Setor ainda é ultradependente de materiais sintéticos, mas precisa passar por reabilitação para garantir o próprio futuro
Quem atua na indústria têxtil e de moda sabe bem o quanto ela vem sendo cobrada, e com razão, pelos danos causados ao meio ambiente, os quais vêm se tornando cada dia mais prementes: poluição do solo, das águas, microplásticos, aumento dos gases de efeito estufa, mudanças climáticas e catástrofes recorrentes.
Enquanto algumas empresas, marcas e startups estão se desdobrando para conter os danos e achar melhores soluções, a maioria esmagadora ainda não acordou para a realidade que estamos vivendo, a qual precisa ser amparada para uma mudança. Urgente.

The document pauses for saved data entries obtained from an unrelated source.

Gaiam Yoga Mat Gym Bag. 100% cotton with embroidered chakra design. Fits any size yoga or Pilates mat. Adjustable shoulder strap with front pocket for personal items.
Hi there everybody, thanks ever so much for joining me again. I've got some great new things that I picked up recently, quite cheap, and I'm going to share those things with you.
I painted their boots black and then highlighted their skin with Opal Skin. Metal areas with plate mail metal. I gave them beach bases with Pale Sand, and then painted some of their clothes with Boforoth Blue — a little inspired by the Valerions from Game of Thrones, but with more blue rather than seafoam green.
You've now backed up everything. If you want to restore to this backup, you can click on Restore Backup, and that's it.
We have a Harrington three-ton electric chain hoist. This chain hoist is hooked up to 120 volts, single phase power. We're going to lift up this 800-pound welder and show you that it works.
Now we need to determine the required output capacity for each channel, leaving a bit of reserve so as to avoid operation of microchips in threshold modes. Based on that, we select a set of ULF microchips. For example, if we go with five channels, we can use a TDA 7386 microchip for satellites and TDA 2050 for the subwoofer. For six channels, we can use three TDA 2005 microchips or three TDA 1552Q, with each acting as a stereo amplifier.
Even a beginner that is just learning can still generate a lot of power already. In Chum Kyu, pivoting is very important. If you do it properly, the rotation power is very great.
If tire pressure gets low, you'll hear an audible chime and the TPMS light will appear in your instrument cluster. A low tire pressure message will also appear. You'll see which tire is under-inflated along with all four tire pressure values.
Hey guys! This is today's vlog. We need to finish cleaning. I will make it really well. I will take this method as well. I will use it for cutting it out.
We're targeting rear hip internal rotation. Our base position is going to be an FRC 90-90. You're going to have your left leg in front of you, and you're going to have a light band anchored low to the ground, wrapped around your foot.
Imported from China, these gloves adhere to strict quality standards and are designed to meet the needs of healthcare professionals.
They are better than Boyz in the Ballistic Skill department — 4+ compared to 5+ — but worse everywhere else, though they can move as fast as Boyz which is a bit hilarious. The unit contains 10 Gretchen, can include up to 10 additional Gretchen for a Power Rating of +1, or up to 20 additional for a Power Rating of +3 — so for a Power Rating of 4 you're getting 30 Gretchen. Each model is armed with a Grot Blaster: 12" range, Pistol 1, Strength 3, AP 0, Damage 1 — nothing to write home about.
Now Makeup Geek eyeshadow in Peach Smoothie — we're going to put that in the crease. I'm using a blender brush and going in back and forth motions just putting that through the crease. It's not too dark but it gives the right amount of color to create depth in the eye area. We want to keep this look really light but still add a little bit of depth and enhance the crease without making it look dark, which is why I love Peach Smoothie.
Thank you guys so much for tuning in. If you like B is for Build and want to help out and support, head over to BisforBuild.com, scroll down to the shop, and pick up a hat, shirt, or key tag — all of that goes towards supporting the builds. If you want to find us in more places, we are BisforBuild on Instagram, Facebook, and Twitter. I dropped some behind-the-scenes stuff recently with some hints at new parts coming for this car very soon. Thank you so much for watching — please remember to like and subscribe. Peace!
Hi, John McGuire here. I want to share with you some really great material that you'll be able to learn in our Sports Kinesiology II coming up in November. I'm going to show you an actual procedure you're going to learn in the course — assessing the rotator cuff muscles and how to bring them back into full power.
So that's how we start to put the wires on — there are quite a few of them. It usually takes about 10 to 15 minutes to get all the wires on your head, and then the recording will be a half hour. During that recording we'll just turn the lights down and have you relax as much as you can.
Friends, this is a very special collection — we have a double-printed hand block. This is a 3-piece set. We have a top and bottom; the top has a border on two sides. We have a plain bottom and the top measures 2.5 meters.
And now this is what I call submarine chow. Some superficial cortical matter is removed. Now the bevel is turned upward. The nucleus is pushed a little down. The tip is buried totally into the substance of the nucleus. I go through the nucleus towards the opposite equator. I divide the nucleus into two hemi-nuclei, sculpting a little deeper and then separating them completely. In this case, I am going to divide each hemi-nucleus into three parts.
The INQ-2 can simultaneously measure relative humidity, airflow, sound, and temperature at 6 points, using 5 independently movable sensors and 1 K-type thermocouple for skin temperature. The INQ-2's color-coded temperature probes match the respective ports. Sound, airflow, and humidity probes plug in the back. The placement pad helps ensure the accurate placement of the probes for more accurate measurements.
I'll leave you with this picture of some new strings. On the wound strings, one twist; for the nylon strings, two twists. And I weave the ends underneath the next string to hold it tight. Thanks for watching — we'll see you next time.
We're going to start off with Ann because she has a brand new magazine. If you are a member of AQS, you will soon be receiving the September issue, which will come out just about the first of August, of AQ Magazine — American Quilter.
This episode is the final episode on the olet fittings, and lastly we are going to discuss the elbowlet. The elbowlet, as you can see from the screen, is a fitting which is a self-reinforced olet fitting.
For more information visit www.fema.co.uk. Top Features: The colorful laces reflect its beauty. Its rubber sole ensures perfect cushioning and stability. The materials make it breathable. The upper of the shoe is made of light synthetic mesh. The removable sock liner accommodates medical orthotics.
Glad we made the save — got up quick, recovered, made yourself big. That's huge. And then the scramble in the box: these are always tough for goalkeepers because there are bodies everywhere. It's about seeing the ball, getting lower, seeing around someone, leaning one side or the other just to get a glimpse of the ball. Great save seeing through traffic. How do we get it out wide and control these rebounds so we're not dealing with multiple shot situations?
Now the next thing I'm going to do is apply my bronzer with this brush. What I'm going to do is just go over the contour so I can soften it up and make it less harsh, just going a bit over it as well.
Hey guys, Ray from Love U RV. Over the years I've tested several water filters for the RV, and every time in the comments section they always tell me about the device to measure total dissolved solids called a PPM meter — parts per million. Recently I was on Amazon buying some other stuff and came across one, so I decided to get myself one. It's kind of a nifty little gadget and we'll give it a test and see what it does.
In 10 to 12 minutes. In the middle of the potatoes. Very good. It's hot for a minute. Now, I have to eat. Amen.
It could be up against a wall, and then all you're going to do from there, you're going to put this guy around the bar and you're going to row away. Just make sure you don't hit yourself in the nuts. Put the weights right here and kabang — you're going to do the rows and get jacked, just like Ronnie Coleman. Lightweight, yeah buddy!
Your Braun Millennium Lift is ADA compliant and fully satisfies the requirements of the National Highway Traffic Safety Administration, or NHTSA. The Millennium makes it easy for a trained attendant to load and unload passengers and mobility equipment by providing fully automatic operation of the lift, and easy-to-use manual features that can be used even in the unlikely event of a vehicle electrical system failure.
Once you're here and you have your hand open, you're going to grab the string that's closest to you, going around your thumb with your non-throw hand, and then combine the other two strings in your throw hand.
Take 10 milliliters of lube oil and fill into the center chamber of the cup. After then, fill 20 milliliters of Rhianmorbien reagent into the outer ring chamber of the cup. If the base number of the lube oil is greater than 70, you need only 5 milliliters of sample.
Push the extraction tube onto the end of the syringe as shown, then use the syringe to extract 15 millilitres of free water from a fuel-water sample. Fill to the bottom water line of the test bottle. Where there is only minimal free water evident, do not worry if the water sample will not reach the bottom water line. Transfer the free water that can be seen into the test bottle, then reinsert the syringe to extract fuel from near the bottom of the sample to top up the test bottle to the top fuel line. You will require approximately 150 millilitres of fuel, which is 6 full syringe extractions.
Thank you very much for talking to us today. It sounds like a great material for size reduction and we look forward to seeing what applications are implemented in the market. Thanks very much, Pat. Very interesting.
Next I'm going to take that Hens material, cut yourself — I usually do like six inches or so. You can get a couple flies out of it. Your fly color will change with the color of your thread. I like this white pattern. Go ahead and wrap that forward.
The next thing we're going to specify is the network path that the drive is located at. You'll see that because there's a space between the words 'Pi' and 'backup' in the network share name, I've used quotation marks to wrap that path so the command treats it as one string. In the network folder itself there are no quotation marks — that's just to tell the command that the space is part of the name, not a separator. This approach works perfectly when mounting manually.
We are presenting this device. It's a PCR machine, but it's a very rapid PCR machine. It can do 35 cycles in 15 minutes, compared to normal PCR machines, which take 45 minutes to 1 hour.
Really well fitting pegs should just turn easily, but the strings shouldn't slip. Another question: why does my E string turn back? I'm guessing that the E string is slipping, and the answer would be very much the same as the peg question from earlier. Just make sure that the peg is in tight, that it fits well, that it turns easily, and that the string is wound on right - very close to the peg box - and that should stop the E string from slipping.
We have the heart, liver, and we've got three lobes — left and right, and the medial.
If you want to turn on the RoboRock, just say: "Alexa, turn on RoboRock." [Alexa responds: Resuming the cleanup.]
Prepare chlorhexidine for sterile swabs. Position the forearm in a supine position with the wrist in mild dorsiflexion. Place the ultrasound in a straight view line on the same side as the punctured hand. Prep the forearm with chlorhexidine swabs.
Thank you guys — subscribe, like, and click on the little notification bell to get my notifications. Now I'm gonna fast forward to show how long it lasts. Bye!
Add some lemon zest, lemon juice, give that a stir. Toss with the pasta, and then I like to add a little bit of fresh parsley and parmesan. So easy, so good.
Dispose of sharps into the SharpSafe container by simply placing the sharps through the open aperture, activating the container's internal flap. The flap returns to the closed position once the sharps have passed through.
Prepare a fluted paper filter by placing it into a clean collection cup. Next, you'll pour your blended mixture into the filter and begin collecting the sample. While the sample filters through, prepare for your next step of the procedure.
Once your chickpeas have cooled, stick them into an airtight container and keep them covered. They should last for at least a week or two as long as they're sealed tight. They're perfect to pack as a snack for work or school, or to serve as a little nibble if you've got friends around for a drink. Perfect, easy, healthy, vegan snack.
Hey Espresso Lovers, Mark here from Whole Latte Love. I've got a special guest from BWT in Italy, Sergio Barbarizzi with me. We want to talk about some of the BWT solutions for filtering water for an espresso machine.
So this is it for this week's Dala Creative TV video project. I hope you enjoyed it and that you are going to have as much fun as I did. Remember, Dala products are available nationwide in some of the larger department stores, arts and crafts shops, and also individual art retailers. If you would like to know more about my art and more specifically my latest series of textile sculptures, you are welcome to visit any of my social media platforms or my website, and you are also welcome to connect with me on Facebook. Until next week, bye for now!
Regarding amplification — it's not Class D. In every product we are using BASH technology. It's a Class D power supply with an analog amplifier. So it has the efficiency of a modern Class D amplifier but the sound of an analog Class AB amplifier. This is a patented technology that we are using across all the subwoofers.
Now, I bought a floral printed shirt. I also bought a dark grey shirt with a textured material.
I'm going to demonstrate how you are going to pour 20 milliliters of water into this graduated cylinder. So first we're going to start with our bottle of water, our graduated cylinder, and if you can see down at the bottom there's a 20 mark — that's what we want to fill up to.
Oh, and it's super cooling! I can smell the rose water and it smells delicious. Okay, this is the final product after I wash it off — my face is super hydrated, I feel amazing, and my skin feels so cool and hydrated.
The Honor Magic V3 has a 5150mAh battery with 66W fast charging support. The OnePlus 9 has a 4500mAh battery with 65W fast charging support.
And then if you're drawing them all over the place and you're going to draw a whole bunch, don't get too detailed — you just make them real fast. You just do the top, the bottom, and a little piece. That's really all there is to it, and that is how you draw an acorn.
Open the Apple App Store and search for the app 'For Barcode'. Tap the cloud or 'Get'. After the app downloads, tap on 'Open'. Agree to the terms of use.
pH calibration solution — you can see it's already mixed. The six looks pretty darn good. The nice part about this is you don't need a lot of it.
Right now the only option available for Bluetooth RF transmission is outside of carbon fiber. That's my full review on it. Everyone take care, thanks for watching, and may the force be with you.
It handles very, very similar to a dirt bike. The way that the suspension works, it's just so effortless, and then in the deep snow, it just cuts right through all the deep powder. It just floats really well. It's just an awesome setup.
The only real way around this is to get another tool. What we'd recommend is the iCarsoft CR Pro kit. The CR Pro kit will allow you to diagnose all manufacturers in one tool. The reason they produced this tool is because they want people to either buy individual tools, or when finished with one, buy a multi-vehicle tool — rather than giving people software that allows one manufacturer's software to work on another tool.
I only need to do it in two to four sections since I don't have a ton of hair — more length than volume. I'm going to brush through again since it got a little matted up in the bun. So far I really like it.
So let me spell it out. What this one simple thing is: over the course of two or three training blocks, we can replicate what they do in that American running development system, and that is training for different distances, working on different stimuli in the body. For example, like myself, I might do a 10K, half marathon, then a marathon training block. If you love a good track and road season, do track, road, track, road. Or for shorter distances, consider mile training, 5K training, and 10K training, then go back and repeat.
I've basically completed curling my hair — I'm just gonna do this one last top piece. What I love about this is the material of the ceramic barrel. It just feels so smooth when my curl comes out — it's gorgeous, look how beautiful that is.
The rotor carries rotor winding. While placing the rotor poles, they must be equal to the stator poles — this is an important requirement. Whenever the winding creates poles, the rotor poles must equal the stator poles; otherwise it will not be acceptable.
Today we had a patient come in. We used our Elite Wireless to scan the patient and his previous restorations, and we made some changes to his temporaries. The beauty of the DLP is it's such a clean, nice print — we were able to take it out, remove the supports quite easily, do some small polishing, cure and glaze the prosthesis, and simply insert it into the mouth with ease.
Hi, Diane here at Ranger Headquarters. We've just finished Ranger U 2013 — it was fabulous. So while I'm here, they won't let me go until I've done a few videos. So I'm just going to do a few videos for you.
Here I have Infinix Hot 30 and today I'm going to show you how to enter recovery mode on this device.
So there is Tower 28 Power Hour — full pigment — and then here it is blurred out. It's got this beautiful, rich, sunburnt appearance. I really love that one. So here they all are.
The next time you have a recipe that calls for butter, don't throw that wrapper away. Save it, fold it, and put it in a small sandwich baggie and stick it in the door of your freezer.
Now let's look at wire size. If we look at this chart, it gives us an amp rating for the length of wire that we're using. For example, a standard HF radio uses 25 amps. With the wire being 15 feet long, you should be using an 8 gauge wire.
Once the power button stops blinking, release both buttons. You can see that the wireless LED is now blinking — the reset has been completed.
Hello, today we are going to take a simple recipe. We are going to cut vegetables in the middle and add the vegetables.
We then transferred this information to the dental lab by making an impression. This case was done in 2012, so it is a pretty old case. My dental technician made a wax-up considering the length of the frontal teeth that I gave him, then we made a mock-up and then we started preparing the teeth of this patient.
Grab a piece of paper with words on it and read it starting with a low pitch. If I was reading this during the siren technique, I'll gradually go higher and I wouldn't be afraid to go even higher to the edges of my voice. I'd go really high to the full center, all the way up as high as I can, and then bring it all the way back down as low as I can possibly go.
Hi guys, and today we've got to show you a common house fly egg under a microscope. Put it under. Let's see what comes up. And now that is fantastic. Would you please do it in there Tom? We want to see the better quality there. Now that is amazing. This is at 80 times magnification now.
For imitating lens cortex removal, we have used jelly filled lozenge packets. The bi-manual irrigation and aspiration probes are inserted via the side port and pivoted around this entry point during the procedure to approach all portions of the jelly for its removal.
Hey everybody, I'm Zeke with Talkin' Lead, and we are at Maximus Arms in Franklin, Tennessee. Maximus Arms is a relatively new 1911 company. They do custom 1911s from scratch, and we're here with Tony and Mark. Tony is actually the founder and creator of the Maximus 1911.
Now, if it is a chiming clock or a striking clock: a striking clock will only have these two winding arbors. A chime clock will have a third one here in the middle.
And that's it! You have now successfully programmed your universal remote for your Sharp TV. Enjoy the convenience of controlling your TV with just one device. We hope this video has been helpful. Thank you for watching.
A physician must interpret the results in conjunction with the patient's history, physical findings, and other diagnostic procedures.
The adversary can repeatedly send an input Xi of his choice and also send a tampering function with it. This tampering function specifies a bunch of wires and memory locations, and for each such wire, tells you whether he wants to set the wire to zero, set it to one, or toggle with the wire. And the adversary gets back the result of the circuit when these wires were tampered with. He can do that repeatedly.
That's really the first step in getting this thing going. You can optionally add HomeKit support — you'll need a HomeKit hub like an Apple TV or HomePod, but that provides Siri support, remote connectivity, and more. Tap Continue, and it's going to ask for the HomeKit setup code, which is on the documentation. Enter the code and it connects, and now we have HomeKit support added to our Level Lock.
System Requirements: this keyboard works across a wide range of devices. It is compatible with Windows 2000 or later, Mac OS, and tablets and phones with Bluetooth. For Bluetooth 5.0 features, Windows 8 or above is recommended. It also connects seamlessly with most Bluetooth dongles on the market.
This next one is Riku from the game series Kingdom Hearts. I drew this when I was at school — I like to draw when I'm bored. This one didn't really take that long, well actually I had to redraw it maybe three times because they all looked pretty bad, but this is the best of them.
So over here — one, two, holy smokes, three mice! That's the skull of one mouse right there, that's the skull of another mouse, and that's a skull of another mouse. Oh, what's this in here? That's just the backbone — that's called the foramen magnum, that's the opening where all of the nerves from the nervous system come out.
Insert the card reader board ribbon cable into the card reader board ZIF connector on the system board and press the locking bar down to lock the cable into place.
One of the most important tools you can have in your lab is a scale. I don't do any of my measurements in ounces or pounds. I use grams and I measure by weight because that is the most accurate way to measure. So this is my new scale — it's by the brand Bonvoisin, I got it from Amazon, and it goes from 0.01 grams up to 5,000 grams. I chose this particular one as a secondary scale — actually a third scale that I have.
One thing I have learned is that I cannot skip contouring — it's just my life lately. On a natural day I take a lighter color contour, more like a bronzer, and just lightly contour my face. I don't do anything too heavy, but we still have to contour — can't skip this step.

Dentre as inúmeras questões nas quais o setor se insere, e que acabam se interrelacionando, vamos trazer luz a ele: o petróleo, o “ouro negro” com infinitas utilidades, mas que vem sendo explorado há quase dois séculos de forma desenfreada, principalmente após a criação do plástico, que nasceu de origem celulósica, e, depois, com sua evolução para poder ter diferentes aplicações e escalar, tornou-se sintético (o baquelite, em 1909, foi o precursor, e depois dos anos 1930, veio a polimerização, período em que o fio de náilon foi criado para o setor têxtil).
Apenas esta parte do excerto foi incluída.